If these problems are found, it is recommended to go to the hospital for relevant examinations as soon as possible and then receive symptomatic treatment. It may also cause arrhythmia, shock, heart failure, and is a serious type of coronary heart disease that can be life-threatening.

Methods for treating myocardial infarction in the elderly

1. Thrombolytic therapy

If there are no conditions for emergency PCT treatment, or the first balloon dilation cannot be completed within 90 minutes, and if elderly patients with myocardial infarction have no contraindications to thrombolytic therapy, patients with acute ST-segment elevation myocardial infarction within 12 hours of onset should receive thrombolytic therapy. Commonly used thrombolytic agents include urokinase, streptokinase, and recombinant tissue-type fibroblast activator (rt-PA), which are administered by intravenous injection.
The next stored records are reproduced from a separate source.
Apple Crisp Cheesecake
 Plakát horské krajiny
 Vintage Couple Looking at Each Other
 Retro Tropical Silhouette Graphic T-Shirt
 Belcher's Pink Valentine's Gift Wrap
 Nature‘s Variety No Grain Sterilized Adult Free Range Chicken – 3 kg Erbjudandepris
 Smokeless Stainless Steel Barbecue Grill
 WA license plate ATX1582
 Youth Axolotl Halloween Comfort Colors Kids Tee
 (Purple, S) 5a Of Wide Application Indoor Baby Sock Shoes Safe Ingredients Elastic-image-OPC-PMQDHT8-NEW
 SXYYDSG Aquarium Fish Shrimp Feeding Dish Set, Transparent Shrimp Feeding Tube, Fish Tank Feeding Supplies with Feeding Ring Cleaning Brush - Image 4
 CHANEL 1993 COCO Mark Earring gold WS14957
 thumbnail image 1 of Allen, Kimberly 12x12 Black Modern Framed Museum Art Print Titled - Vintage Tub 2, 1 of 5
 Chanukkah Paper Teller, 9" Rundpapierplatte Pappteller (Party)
The main complication of thrombolytic therapy is bleeding, the most serious of which is cerebral hemorrhage. After thrombolytic therapy, it is still advisable to transfer to a hospital with PCI conditions for further treatment. Patients with non-ST-segment elevation myocardial infarction should not receive thrombolytic therapy.

2. Transluminal Coronary Angioplasty

This method is used to treat myocardial infarction in the elderly. It aims to use a special balloon catheter to dilate the newly blocked blood vessels to allow them to be recanalized, so that the ischemic myocardium can be reperfused to save the dying myocardium. The blocked coronary artery is recanalized, the chest pain disappears, and the electrocardiogram improves rapidly. For patients with acute myocardial infarction who have no contraindications to thrombolysis, thrombolytic therapy should be the first choice. For patients who have failed thrombolysis or have residual high stenosis after thrombolysis and are suitable for PTCA, PTCA can be performed at a later date. For patients who have contraindications to thrombolysis or severe left ventricular dysfunction, hypotension, and shock, aortic-coronary artery bypass surgery can be performed with the support of intra-aortic balloon counterpulsation.

3. Anticoagulant therapy

It can be considered for use in elderly patients with extensive myocardial infarction or infarction that is expanding. It should be contraindicated if there is a tendency to bleed, severe liver and kidney dysfunction, unhealed wounds from recent surgeries, or active ulcer disease. Use 50 mg of heparin intravenously every 6 hours for 2 days to control the coagulation time within 20-30 minutes. At the same time, take oral dicoumarin 200 mg as the first dose, 100 mg on the second day, and then 25-75 mg daily to maintain. You can also use warfarin 15-20 mg as the first dose, 5-10 mg on the second day, and then 2.5-5 mg daily to maintain. Make the prothrombin time about twice the normal level, and the course of treatment is at least 4 weeks. If bleeding occurs during the treatment period, anticoagulant therapy should be discontinued immediately. If it is caused by heparin, an equal amount of protamine should be given by intravenous drip. If it is caused by dicoumarins, vitamin K1 should be given by intravenous injection, 20 mg each time.